We are not persuaded to the contrary by wife's complaint that the Ruling on Submitted matter "provides no insight as to whether the court weighed the statutory factors of [sections 4320 and 4326] in denying [wife's] request for a spousal support modification." A statement of decision need not detail the trial court's findings as to each statutory factor. On the contrary, "a statement of decision 'need do no more than state the grounds upon which the judgment rests, without necessarily specifying the particular evidence considered by the trial court in reaching its decision.' " (In re Marriage of Schmir (2005) 134 Cal.App.4th 43, 50.) The Ruling on Submitted Matter satisfied this test.
B. It Was Not an Abuse of Discretion to Deny Modification of Spousal Support
Wife contends denial of her request for an upward modification of child support was an abuse of discretion. As we understand her arguments, they are that (1) the order was not supported by substantial evidence and (2) the trial court did not consider all of the section 4320 factors and did not make an express finding as to the marital standard of living. We find no error.

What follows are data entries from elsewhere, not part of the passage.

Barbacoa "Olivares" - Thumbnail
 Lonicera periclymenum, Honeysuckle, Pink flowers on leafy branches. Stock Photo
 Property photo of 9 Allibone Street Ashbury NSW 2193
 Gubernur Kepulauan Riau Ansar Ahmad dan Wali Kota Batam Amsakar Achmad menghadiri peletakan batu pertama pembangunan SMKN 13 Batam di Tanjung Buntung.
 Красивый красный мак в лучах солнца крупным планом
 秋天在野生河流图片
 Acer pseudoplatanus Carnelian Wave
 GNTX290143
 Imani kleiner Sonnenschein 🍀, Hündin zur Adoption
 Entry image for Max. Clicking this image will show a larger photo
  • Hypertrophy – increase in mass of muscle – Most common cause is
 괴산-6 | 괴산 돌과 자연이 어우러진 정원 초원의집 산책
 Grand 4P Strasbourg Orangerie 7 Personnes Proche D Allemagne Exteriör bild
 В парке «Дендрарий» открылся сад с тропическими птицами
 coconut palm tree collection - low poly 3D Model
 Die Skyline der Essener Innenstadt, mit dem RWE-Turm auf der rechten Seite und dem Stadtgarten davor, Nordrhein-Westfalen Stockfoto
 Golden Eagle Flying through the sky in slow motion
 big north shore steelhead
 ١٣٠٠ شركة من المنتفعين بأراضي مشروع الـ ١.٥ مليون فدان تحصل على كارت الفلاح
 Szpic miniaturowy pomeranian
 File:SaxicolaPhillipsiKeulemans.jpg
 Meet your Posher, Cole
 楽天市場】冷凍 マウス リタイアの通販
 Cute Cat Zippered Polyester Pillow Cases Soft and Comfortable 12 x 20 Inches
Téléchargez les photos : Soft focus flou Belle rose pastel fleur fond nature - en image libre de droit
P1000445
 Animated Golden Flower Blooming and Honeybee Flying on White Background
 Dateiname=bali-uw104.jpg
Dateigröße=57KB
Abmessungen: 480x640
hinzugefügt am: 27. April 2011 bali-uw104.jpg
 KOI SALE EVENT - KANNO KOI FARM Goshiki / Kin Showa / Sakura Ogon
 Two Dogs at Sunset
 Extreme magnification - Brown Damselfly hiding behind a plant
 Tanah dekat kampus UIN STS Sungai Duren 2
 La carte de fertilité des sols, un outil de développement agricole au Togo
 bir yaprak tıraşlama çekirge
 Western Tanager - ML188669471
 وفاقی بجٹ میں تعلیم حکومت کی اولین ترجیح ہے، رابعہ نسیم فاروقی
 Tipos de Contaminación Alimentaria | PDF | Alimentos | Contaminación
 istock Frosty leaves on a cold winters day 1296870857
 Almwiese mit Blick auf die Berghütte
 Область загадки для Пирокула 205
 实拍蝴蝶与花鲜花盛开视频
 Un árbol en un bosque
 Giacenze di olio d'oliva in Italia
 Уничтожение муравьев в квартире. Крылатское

We review an order denying modification of a spousal support order for abuse of discretion. " 'In exercising its discretion the trial court must follow established legal principles and base its findings on substantial evidence. [Citation.] If the trial court conforms to these requirements its order will be upheld whether or not the appellate court agrees with it or would make the same order if it were a trial court.' [Citation.]" (In re Marriage of West (2007) 152 Cal.App.4th 240, 246 (West).)
A showing of changed circumstances is a prerequisite to obtaining modification of a spousal support order. (West, supra, 152 Cal.App.4th at p. 246.) "Otherwise, dissolution cases would have no finality and unhappy former spouses could bring repeated actions for modification with no burden of showing a justification to change the order. Litigants ' "are entitled to attempt, with some degree of certainty, to reorder their finances and life style [sic] in reliance upon the finality of the decree." ' [Citation.] Absent a change of circumstances, a motion for modification is nothing more than an impermissible collateral attack on a prior final order. [Citation.]" (In re Marriage of Smith (1990) 225 Cal.App.3d 469, 480 (Smith).)
" 'Change of circumstances' means a reduction or increase in the supporting spouse's ability to pay and/or an increase or decrease in the supported spouse's needs. It includes all factors affecting need and the ability to pay. When there is no substantial evidence of a material change of circumstances, an order modifying a support order will be overturned for abuse of discretion." (West, supra, 152 Cal.App.4th at p. 246; see also In re Marriage of Kacik (2009) 179 Cal.App.4th 410, 422 [same].)
In ordering spousal support, "the trial court must consider and weigh all of the circumstances enumerated in [section 4320], to the extent they are relevant to the case before it. (In re Marriage of Cheriton (2001) 92 Cal.App.4th 269, 302, italics added.) The section 4320 circumstances are equally relevant to the determination of whether to modify a spousal support order. (West, supra, 152 Cal.App.4th at p. 247.) While the "marital standard of living" is the reference point by which the other factors listed in section 4320 must be weighed, "[t]he Legislature has never specified that spousal support must always meet the needs of the supported spouse as measured by the marital standard of living. . . . In most instances, it is impossible at separation for either party to have sufficient funds to continue to live in the same life-style enjoyed during the marriage. After separation the parties have two households rather than one, and with California's high housing costs this represents a significant increase in living expenses." (Smith, supra, 225 Cal.App.3d pp. 488-489.)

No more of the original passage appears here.